Someone muttered and then yanked on his arm. “You’re going to have to wake up. Come on.”
The roar of a wolf shivered through the air and Salvadore jerked. He shook his head. That hadn’t been part of any dream. He tried harder to wake up, but his damned eyes wouldn’t focus. Someone slapped him again, hard enough to sting like a son of a bitch.
“Come on, Sal. Come on.”
Paul. That was Paul’s voice, tight and worried.
Salvadore pushed himself up and forward and got his feet under him only to feel his knee give way. He gasped and dropped backward and landed hard on the edge of the cot as a gunshot reverberated in the room.
“Goddamn!” Paul cursed.
“Gunshot…” Salvadore said, tongue still too thick to speak clearly. He needed to wake up, dammit. Someone was shooting at them.

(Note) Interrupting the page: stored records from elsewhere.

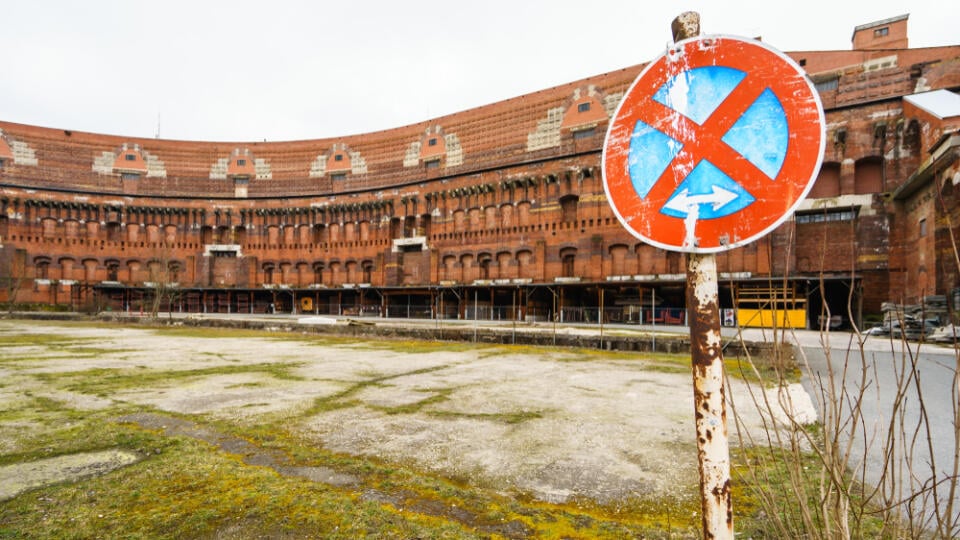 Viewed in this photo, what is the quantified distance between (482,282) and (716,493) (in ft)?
101

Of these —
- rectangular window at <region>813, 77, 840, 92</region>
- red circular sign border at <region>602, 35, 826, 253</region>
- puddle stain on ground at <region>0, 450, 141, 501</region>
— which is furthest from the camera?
rectangular window at <region>813, 77, 840, 92</region>

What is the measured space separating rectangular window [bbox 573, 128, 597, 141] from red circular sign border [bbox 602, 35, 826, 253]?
31.9m

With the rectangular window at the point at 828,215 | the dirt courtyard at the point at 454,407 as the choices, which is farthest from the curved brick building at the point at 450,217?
the dirt courtyard at the point at 454,407

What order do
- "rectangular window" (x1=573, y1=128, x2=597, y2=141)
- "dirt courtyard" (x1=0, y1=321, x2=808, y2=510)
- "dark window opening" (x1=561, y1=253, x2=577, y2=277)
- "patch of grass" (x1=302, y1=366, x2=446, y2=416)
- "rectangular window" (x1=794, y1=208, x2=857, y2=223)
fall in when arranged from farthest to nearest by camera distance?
1. "rectangular window" (x1=573, y1=128, x2=597, y2=141)
2. "dark window opening" (x1=561, y1=253, x2=577, y2=277)
3. "rectangular window" (x1=794, y1=208, x2=857, y2=223)
4. "patch of grass" (x1=302, y1=366, x2=446, y2=416)
5. "dirt courtyard" (x1=0, y1=321, x2=808, y2=510)

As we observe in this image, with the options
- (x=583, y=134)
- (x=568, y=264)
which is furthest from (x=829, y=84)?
(x=568, y=264)

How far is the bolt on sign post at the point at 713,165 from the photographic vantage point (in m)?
1.66

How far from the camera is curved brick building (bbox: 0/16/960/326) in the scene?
74.8 feet

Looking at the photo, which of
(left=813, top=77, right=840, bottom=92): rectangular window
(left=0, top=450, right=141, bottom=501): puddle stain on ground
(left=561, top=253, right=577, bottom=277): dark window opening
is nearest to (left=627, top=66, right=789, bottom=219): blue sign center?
(left=0, top=450, right=141, bottom=501): puddle stain on ground

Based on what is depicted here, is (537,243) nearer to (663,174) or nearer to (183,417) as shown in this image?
(183,417)

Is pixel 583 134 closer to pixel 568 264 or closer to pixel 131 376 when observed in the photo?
pixel 568 264

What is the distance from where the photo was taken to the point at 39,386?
6.48 metres

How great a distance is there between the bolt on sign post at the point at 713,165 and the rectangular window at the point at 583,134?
1260 inches

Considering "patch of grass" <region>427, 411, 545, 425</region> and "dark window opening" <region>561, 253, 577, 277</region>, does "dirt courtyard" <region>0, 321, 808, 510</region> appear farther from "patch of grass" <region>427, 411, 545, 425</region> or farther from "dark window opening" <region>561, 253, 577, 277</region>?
"dark window opening" <region>561, 253, 577, 277</region>

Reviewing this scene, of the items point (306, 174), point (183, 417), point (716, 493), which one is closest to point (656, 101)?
point (716, 493) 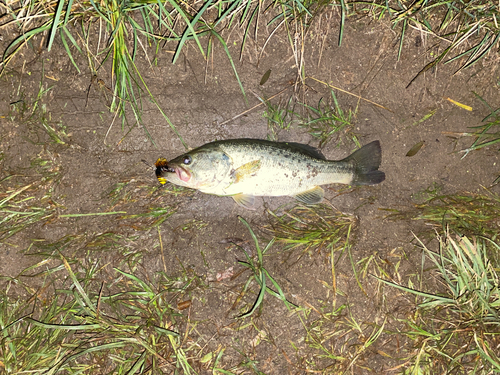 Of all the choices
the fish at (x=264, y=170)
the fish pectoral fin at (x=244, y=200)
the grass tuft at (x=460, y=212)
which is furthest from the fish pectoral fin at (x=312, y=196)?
the grass tuft at (x=460, y=212)

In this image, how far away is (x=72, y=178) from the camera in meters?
3.27

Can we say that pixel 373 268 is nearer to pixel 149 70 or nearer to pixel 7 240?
pixel 149 70

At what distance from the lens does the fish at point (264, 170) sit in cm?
296

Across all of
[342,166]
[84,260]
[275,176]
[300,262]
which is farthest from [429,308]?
[84,260]

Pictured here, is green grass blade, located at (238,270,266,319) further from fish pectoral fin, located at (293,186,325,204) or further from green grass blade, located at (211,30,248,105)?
green grass blade, located at (211,30,248,105)

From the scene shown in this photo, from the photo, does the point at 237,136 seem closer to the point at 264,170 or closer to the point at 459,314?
the point at 264,170

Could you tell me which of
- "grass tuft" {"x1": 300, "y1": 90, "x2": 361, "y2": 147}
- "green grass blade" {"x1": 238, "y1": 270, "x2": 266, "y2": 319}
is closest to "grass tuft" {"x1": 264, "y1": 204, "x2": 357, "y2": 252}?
"green grass blade" {"x1": 238, "y1": 270, "x2": 266, "y2": 319}

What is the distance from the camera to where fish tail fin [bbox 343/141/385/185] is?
3.22 m

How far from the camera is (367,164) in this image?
10.6 ft

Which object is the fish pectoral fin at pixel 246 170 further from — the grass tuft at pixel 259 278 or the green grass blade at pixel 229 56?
the green grass blade at pixel 229 56

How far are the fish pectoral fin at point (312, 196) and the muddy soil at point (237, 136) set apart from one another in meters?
0.21

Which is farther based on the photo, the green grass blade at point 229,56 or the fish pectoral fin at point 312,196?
the fish pectoral fin at point 312,196

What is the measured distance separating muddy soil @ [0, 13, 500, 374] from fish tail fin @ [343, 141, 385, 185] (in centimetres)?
21

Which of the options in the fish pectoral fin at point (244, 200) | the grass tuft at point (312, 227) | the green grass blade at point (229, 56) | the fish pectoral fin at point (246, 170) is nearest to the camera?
the green grass blade at point (229, 56)
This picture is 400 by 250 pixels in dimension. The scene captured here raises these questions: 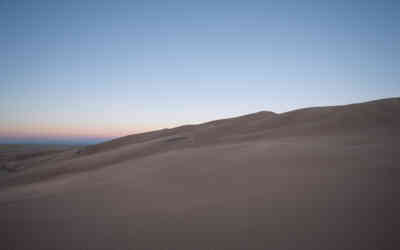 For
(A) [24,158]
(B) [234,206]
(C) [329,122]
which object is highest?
(C) [329,122]

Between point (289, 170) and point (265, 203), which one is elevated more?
point (289, 170)

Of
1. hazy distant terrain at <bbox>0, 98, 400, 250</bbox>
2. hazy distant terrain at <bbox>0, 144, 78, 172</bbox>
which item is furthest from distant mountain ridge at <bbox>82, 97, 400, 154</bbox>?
hazy distant terrain at <bbox>0, 144, 78, 172</bbox>

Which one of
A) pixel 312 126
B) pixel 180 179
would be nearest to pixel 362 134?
pixel 312 126

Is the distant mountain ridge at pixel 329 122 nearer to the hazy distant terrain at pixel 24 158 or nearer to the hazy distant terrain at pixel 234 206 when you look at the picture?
the hazy distant terrain at pixel 234 206

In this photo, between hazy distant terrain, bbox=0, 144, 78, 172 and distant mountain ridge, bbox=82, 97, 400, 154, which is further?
hazy distant terrain, bbox=0, 144, 78, 172

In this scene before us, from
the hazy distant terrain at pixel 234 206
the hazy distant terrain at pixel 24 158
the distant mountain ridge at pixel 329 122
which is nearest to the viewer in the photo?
the hazy distant terrain at pixel 234 206

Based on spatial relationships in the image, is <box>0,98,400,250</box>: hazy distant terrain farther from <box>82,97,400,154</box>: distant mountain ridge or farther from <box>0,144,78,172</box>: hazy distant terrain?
<box>0,144,78,172</box>: hazy distant terrain

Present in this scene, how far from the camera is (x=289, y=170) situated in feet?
11.9

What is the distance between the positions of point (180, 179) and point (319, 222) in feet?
8.20

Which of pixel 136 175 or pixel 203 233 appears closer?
pixel 203 233

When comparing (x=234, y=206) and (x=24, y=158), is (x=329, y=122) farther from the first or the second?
(x=24, y=158)

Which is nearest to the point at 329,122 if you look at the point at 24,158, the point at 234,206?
the point at 234,206

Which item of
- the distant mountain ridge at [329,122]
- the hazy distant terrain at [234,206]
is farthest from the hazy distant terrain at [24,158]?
the distant mountain ridge at [329,122]

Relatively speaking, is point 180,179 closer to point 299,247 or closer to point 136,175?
point 136,175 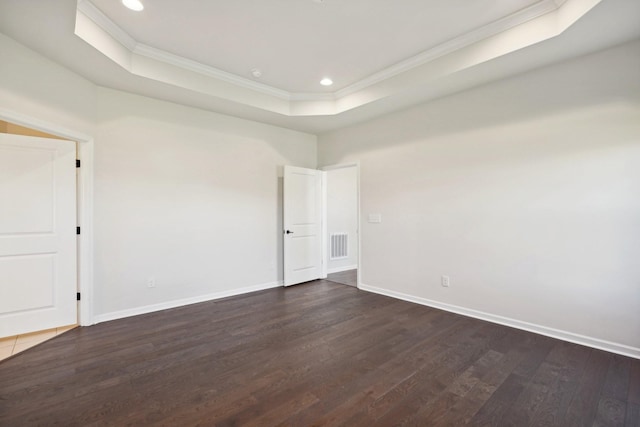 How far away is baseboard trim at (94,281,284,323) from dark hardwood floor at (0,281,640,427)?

“Wasn’t a gunshot. Just the cot.” Paul pulled roughly on Salvadore’s arm and then dug his shoulder into Salvadore’s armpit.
Salvadore’s legs couldn’t hold his weight but Paul supported him enough to keep him upright.
The room’s narrow door slammed open, startling them both and Paul hauled him around so fast Salvadore almost fell again.
A wolf stood at the door. Salvadore sighed and felt himself losing the battle to stay awake.
The wolf didn’t hesitate, just grabbed Salvadore’s arm and pulled his weight off Paul. Salvadore stumbled and the rustle of cloth and stamp of feet interfered with his ability to understand whatever it was
Paul and the wolf said to each other, until…
“… the others are dead…”
“Who’s dead?” Paul demanded.
The wolf started hauling Salvadore through the door and Salvadore didn’t understand, because—
“See for yourself,” the wolf said in his fierce, hard tone and something sparked across Salvadore’s nerves. “The rest of the pack is fighting…”
The wolf said more but his accent was thick and everything sounded like a blur to Salvadore as his feet scraped across the floor and the room wavered around him.
Seconds or minutes later, Salvadore roused as the wolf jostled and lifted him. A hard shoulder jammed into Salvadore’s ribcage and his breath rushed out of his lungs.
He groaned and turned his head and the sight of a bloody Egan lying on the ground nearby was the last thing Salvadore saw before the world slid away.
Chapter 5
Salvadore tried the door handles again, but just like the last time, the heavy doors shuddered but wouldn’t open. He scrubbed his hands through his hair and turned and fell back against the wood with a hard thud. He was trapped in what had once been a hospital cafeteria.
Pale light filtered into the cafeteria through the grimy windows, so he knew it was still daylight outside, but the thick glass had proven impossible for him to break with what he had at hand.
He pushed away from the door and crossed the room to the windows again.
He wove his way through the rusted metal bed frames that filled the room while the remains of whatever had been left on the beds—not people, thank God—but the mattresses and fabrics would’ve been left when the hospital was abandoned. Rats had made nests in one corner at some time, or maybe some other kind of animal. Salvadore couldn’t say.
Tim would’ve known, but of course, Tim wasn’t here, and honestly, Salvadore didn’t want to see Tim or any of the other guys again. He just wanted to get out of the protectorate once and for all with El and Chen.
And if Gage came after him, he’d deal with that then. That son of a bitch wasn’t getting his hands on El—he didn’t care what kind of leverage Gage had.